Los Angeles enfile les records, les trafics portuaires étant dopés par les importations (anticipées) des fêtes de fin d'année et la dynamique de consommation. Le premier port américain a annoncé un volume record de 960 597 EVP en août, soit une augmentation de 16 % par rapport à l'année précédente (faible). Il s'agit du mois « non pandémique » le plus chargé jamais enregistré dans le port. Huit mois après le début de l'année 2024, Los Angeles a déjà transporté près d'un million de conteneurs de plus que l'année dernière, soit 6,63 MEVP (8,6 MEVP en 2023).

Selon les dernières données disponibles, New York/New Jersey a enregistré en juillet son mois le plus actif de tous les temps avec 806 015 EVP, première fois que le port a traité plus de 800 000 EVP au cours d'un mois depuis septembre 2022. Les volumes étaient en hausse de 11 % par rapport à juillet 2023 et de 4 % par rapport à juillet 2022, le précédent record mensuel. Le port est-américain a ainsi cumulé 5,016 MEVP au cours des sept premiers mois de l'année (+ 12 % par rapport à la même période en 2023 et + 16 % par rapport aux sept premiers mois de 2019).

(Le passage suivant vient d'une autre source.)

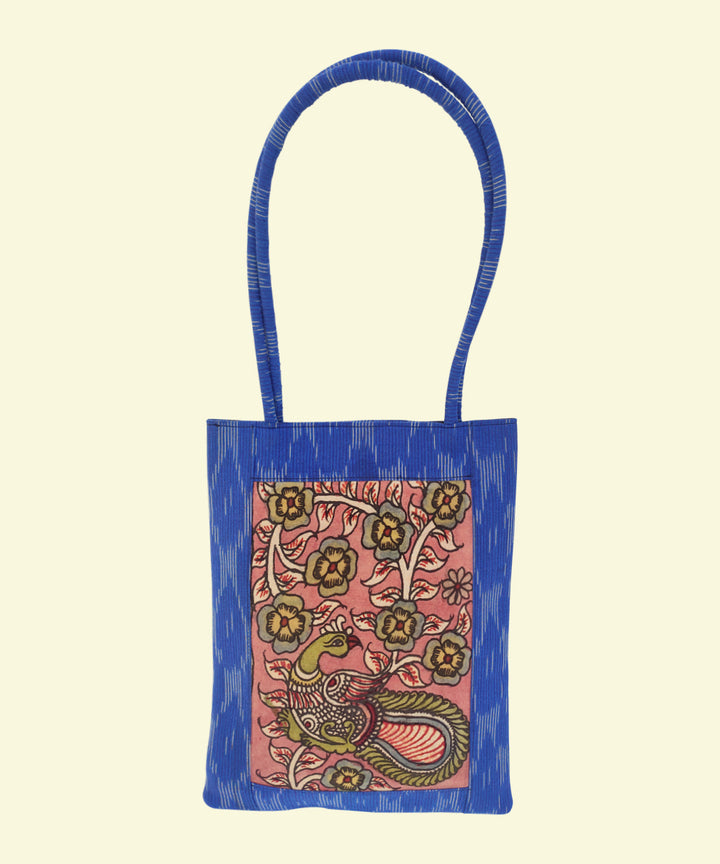 Blue hand crafted kalamkari ikat cotton tote bag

Septembre est traditionnellement l'un des mois les plus chargés pour les importations conteneurisées américaines, les entreprises se préparant aux fêtes de fin d'année. Cependant, cette année, la situation en mer Rouge, les détournements des navires qui allongent les distances, la perspective de mouvements sociaux… ont conduit les détaillants américains à anticiper leurs commandes. Les stocks étant actuellement élevés, la théorie d'une remontée des taux de fret au comptant, qui sont en baisse depuis début septembre, pourrait se fracasser contre cette réalité.

Intervention présidentielle ?

Dans un courrier à l’adresse de l’administration Biden après l’échec des pourparlers entre les syndicats en juin, La puissante National Retail Federation (NRF), ainsi que 158 associations professionnelles, avaient sollicité une intervention présidentielle, comme elles l'avaient fait au temps de la pandémie forçant Joe Biden à descendre sur les quais. Quelque 177 associations viennent de récidiver, appelant « l'administration à s'engager avec les parties à négocier rapidement un nouvel accord tout en maintenant les ports ouverts et la circulation des marchandises ».

La Maison Blanche pourrait sonner la fin de partie – la loi Taft-Hartley de 1947 l’y autorise en cas d’urgence nationale –, mais l’image de briseur de grève pourrait être dévastatrice pour le camp démocrate à deux mois d’un scrutin capital.